::: The input :::

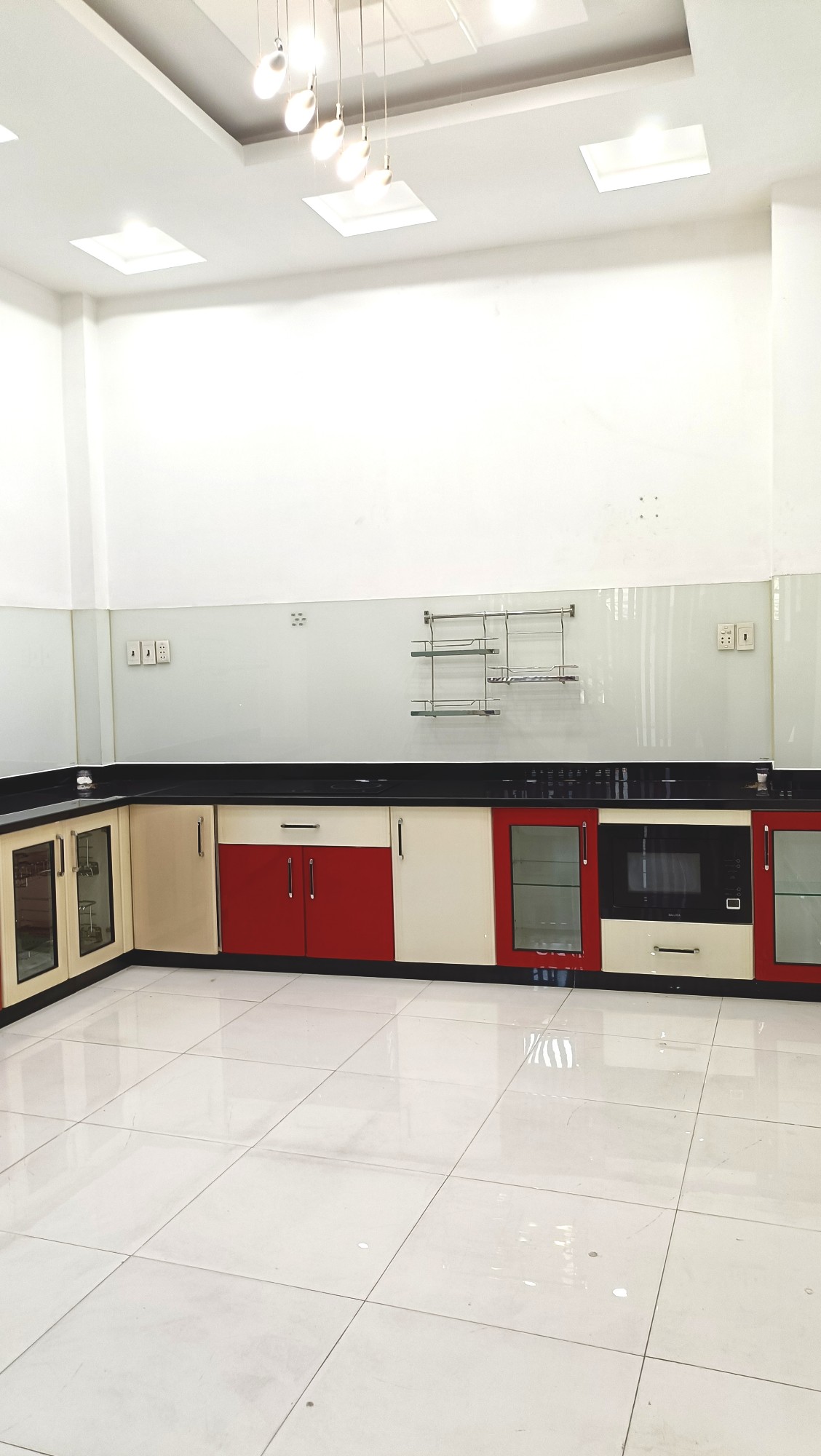 Mặt tiền Phú Thọ Hòa, trung tâm chợ vải, 64m2, 4x17, dòng tiền 28tr/tháng, Chỉ 14.7 tỷ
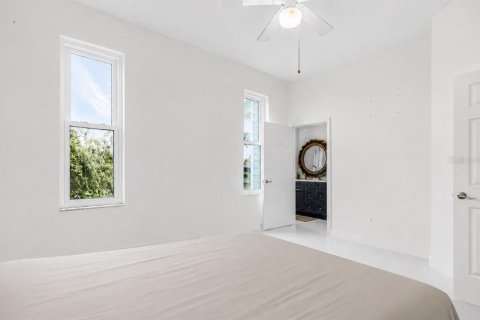 Villa ou maison à vendre à Port Charlotte, Floride: 4 chambres, 229.1 m2 № 2219639 - photo 18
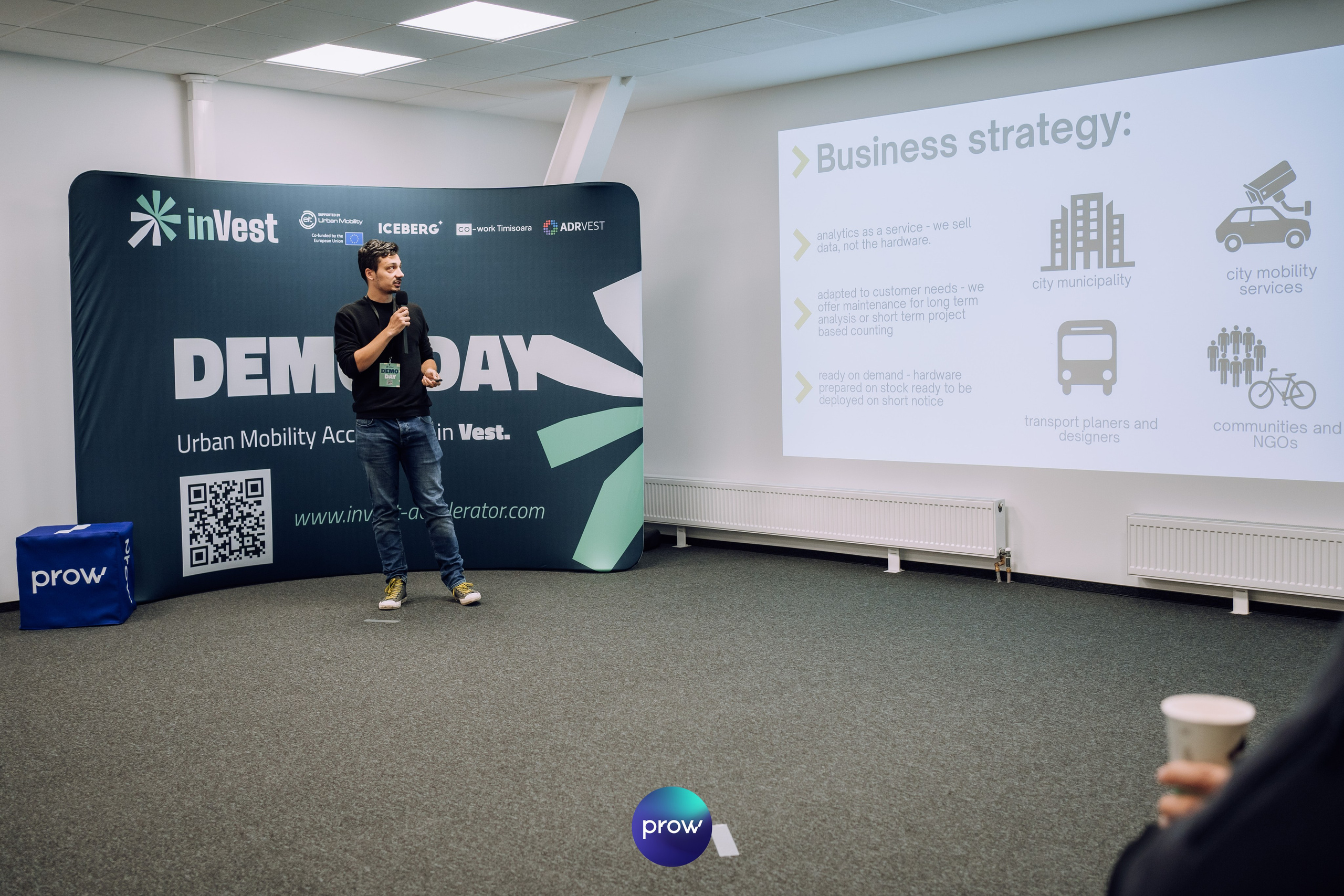 InVest DemoDay @ Cowork. Cozac Cristian Photographer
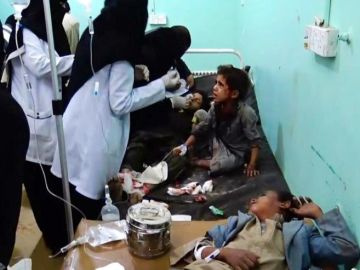 Varios niños heridos reciben atención médica en un hospital tras el bombardeo en Yemen Varios niños heridos reciben atención médica en un hospital tras el bombardeo en Yemen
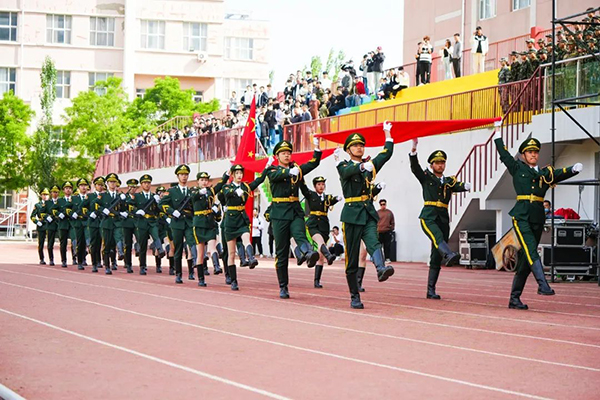 taptap点点举行2022级学生军训汇报表演暨总结表彰大会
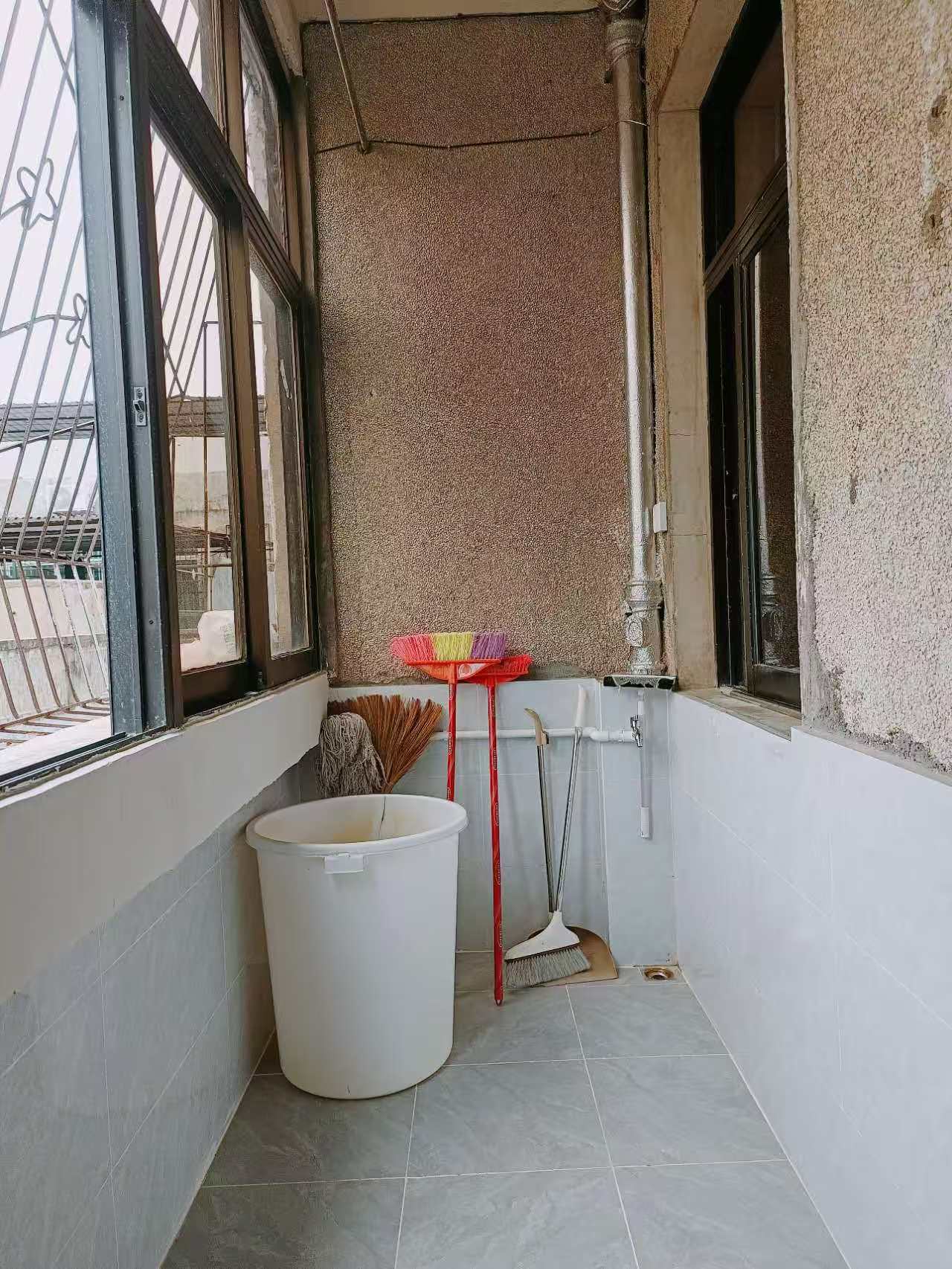 市公安局大同里宿舍区(大同一横路2号单位宿舍) 3室2厅1卫 2100.0元/月 市公安局大同里宿舍区(大同一横路2号单位宿舍) 3室2厅1卫 2100.0元/月室内图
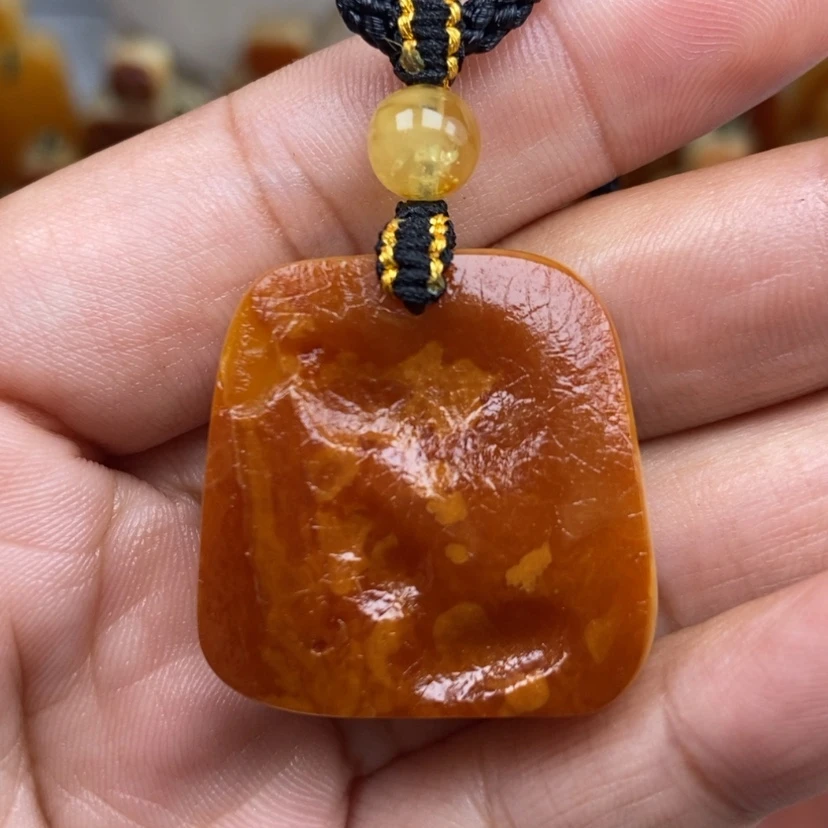 【闪购商品】琥珀颈饰未镶嵌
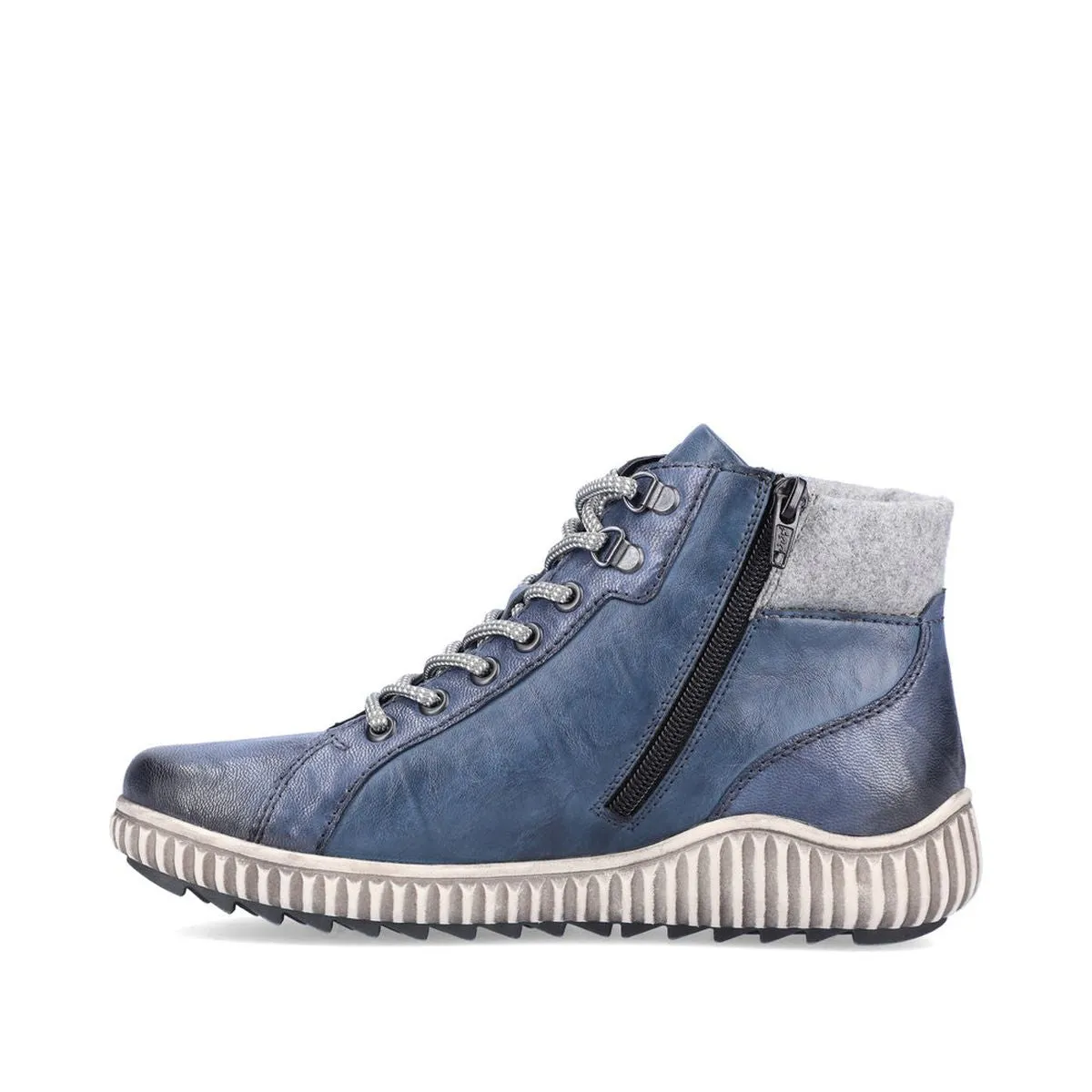 R8276 Lace Up Boots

:::

§ **What to work on**
Take the lines from the first line of the entries through the line with "InVest DemoDay @", inclusive, and give them again exactly, minus any pictures.

§ **Task solution**
 Mặt tiền Phú Thọ Hòa, trung tâm chợ vải, 64m2, 4x17, dòng tiền 28tr/tháng, Chỉ 14.7 tỷ
 Villa ou maison à vendre à Port Charlotte, Floride: 4 chambres, 229.1 m2 № 2219639 - photo 18
 InVest DemoDay @ Cowork. Cozac Cristian Photographer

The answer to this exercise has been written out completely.